New CEO explains how the Czech brand will remain budget-friendly in the electric era

It’s hardly surprising that Klaus Zellmer, chairman of Skoda for the past six months after more than two decades at Porsche, enthusiastically describes himself as a car guy. Anyone who has spent his working life rising through the ranks at the legendary German sports car maker (he was CEO of Porsche Cars North America for five years from 2015) is bound to fit that description.

The more interesting question is why a 23-year Porsche man should be drafted into Skoda, which sits at the opposite end of the Volkswagen Group’s price and prestige spectrum – especially since one of his recent Skoda predecessors, Bernhard Maier, spent five years as Skoda’s CEO after a similarly lengthy Porsche stint.
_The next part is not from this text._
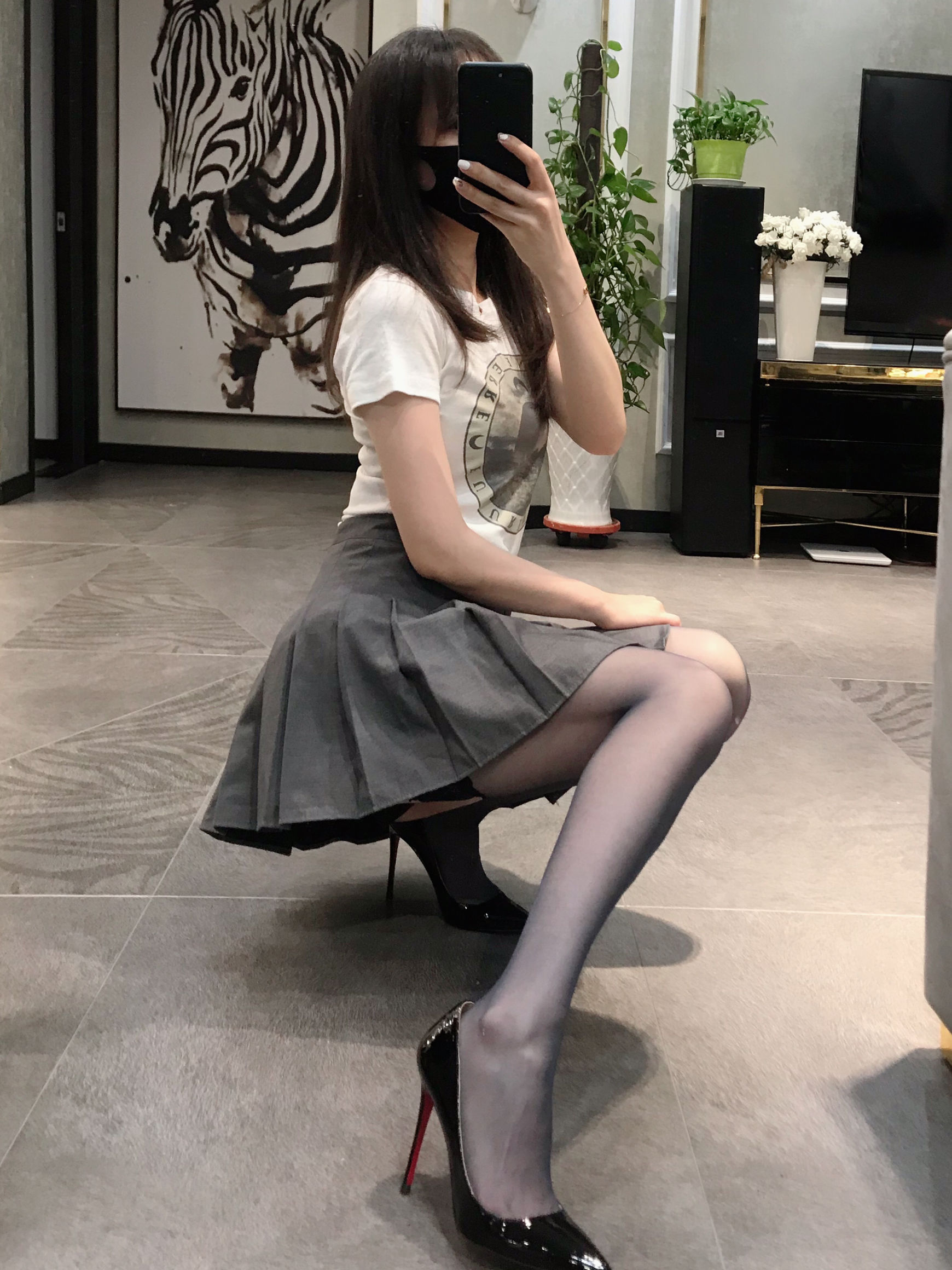 图片[1] - 麋鹿_Monroe 2020.06.09 黑蕾丝半筒袜 [16P] - 机器猫次元 - 机器猫次元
Zellmer says it’s all a coincidence, so my opening question about whether aspects of Porsche management are seen as useful to the job of running Skoda gets short shrift. The group does stuff like that, with managers and designers too. The main similarity between both jobs, says Zellmer, is that he’s moving from one successful company driven by a strong brand to another.

According to contemporaries, Zellmer has been chosen to lead Skoda because of his reputation for dynamic management. Previous chiefs have built and burnished the marque along the same broad path, but Zellmer will be the one who must lead it headlong into the electrification age. And as every car exec knows, that task is hardest for affordable marques because the considerable investment required has to be especially carefully balanced against the returns from modest car prices. Yet there’s plenty of ambition at Skoda: by 2026, it will have launched three new EVs; by 2030, it expects 70% of production cars to be battery-powered.

To achieve these things, Skoda has two life-changing projects on its agenda: its now-until-2030 strategy plan called Next Level, and the development and adoption across the whole range of a new design language called Modern Solid, a move group bosses have already described as “the most dramatic change” since VW acquired the Skoda marque in 1994.

Both moves are consistent with the VW Group’s reputation as the industry’s most successful manager of car marques that have a high degree of commonality, and whose cars fit into similar price ranges. Perhaps one reason for the success has been a concern in recent years that some of the models have been getting too close. “We need to do a better job of clearly distinguishing Skoda from Volkswagen, Seat and Cupra,” says Zellmer, “to ensure that our sales are incremental, not substitutional.

“The term Modern Solid contains two attributes that will guide our future designs,” explains Zellmer. “It sets us a completely different target from Volkswagen, for example, who talk about Timeless Progressive. We are for young families, people we call ‘everyday explorers’. We want our products to be very functional, but attractive with it. We want to fish in a different pond from the others so that our real opponents are external car makers, not our own brands.”

I’m intrigued to know whether Zellmer has modified these core strategies, given they were drafted before his arrival, but both have such solid fundamentals that his job is mostly about implementation. Skoda, he says, is full of positive surprises: “This is a very honest, very hands-on company. We’ve been around exactly as long as Autocar – we started in 1895 – and the Czech people are very pragmatic. They always find a solution. That’s the basis for our motto ‘Simply Clever’. In meetings, if we run into a roadblock we always say the same thing: let’s find a Simply Clever solution. And it works.”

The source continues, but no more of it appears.